Hacker News new | ask | show | jobs
by BubRoss 2197 days ago
What are you basing this on exactly?
1 comments

Despite years of propaganda, C is not well matched to CPUs currently in use (quite opposite in places), and the typical optimizations don't necessarily work when dealing with external I/O that you need to do in a switch.

Essentially, even if you write in C, reaching higher speeds will involve using "assembly masquerading as C" rather than depending on compiler optimizations.

Also, Snabb uses LuaJIT, which already generated quite tight code, so the performance gap that I suspect some imagine just isn't that wide.

>C is not well matched to CPUs + >depending on compiler optimizations + >Snabb uses LuaJIT .. quite tight code

==

You can write great C-based systems and avoid assembly if you a) know, always, what your compiler is doing and b) know, always, what your CPU is doing...

My point was that the same optimizations that made C fast break down when you need to take into account often intricate dance between CPU caches, memory, I/O bus etc. - so that unless you go into cpu-model-specific assembly tweaks just using C might not bring you as much benefit.

Is it possible to get better? yes. Would it count as "normal C"? I would say not really (if we say yes, then CL code on SBCL with huge custom VOPs counts)

I'd be interested to learn about significantly complex, nontrivial systems of say 100K to 1M LOC scale that require reasoning about every single instruction from the perspective of every other instruction, in order for the system to work.
You do not do that. Instead you optimize the short, critical part.
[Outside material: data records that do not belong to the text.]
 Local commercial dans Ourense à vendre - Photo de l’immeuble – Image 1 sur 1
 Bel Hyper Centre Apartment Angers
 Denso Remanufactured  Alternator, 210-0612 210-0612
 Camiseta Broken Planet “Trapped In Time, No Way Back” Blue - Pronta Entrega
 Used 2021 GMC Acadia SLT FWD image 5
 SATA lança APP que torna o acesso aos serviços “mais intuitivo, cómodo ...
Of course it does not apply to everything, you need a few hotspots, but it is quite common: audio/video codecs, scientific computation, games, crypto... And even networking.
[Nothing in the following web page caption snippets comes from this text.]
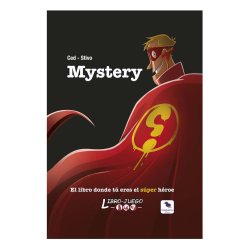 Libro Juego - Mystery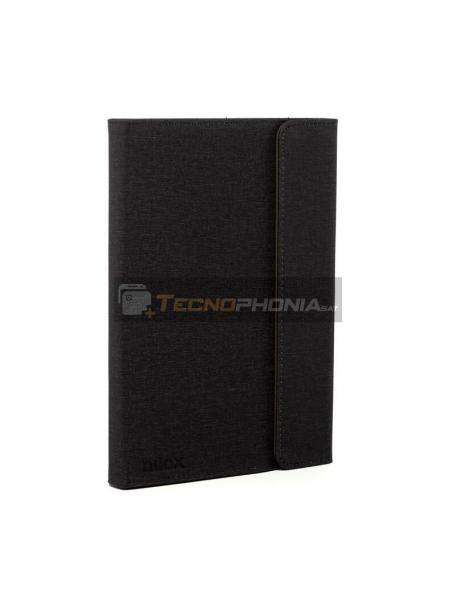 Funda libro Nilox Tablet 10.1" universal negra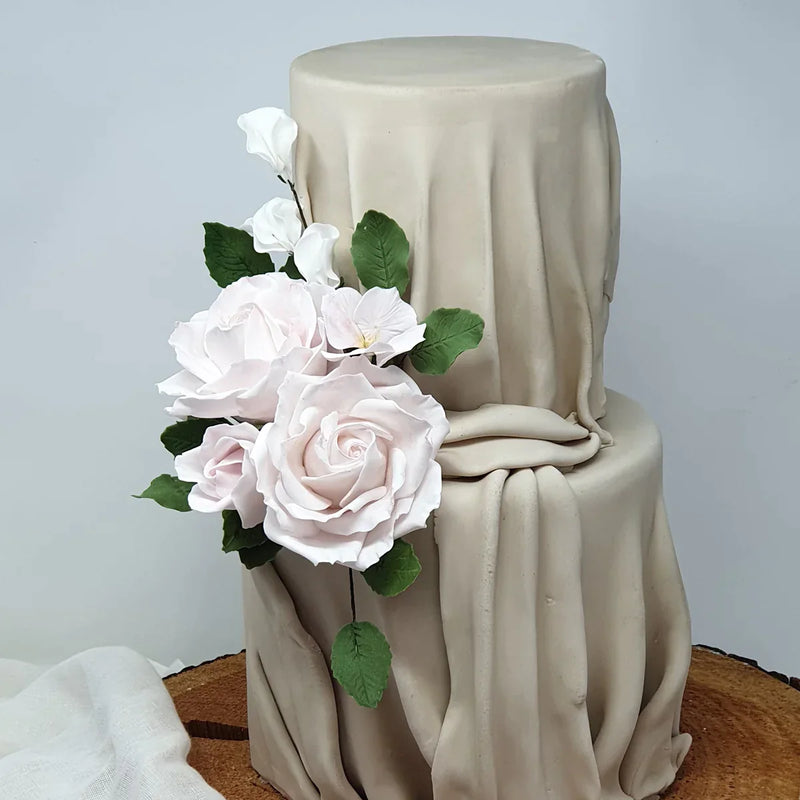 Flower Pro Multi Leaf Veiner Silicone Mould-5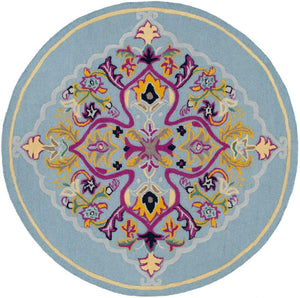 Safavieh Bellagio 605 Hand Tufted Wool Rug BLG605B-7SQ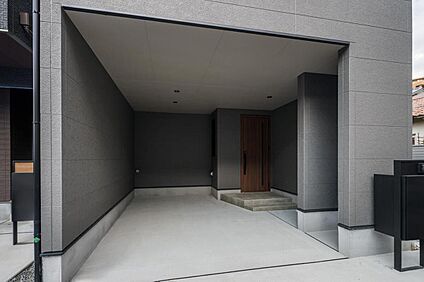 【ガレージ/2号地】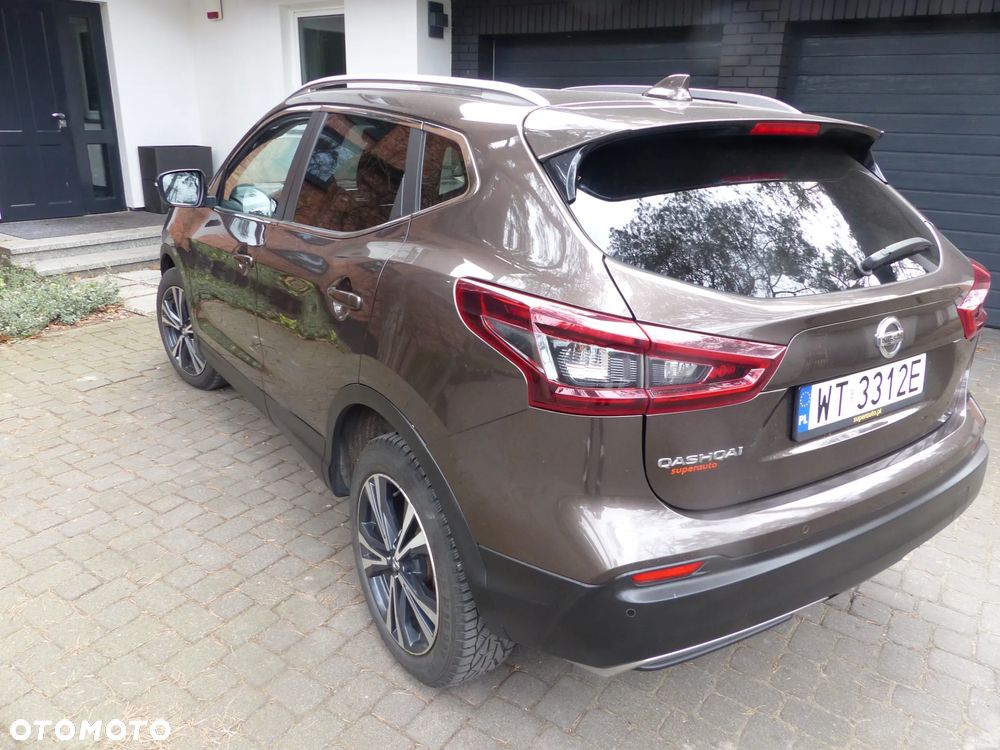 Nissan Qashqai 1.3 DIG-T N-Connecta DCT - 12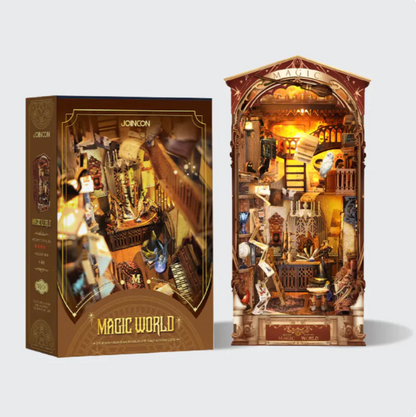 Magic World Book Nook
And with Lua (and C, and C++) its pretty easy to manage the complexity. Just put things where they belong.
I think the answer here is that LuaJIT is fast, and that well written native programs would still be faster, not that C "isn't well matched to CPUs". Modern optimizations are more about memory access patterns than anything else, with SIMD and concurrency beyond that. Focusing on assembly is really not the apex is used to be. For starters CPUs have multiple integer and floating point units, and they get scheduled in an out of order CPU. Out of order execution is as much about keeping the various units busy as it is about doing loads as soon as possible to avoid stalling.

I think if you are going to claim that C or C derivatives aren't actually fast and the idea that they are is due to "propaganda" then you should back that up with something concrete, because it goes against a lot of established expertise.